When they had extra paint, i would tag along and do throw-ups. The paint i got was always either silver or white for fill-ins, and black for outlines; they kept all the colors. I mostly did a big skull and crossbones like the attachment. That's an A train i think, done at Grant layup.

Usually it would be with a cartoon thought balloon. The thought balloon would say different shit like "Watch Your Back!", "Don't Pay!", "Jet-Ski Today!" [went jet-skiing at the shore], "Eat At Leshkos!" [the LES coffee shop where i was steam-table man for most of 1981], basically whatever. This one has no thought balloon, but it's the only pic i have in a digital format, i have lots of slides i should scan someday.

OTD_Skull.jpg


I also did a thing where i labeled every part of an entire side of an A train from end to end, like "Window" with an arrow under each window, "Door", "Bottom", "Top", "Conductor Booth", etc. This took several hours.

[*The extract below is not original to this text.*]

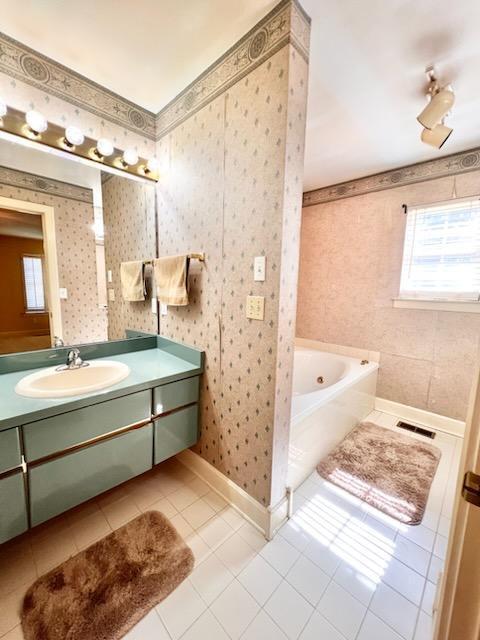 full bath featuring a wealth of natural light, tile patterned floors, and wallpapered walls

I hated elevated lay-ups, i am not great with heights, but i loved the underground tunnels and yards. I was used to walking subway tunnels because i liked to do that when i was drunk.

Grant layup (A trains) in Brooklyn was the main spot i hit, with HAZE, QUIK, MIN-ONE, IZ THE WIZ, and SACH, all RTW. I also did a whole bunch of noontime bombing with HAZE at the City Hall layup, a full extra station under City Hall station where they used to lay up rush-hour Rs during lunch-time.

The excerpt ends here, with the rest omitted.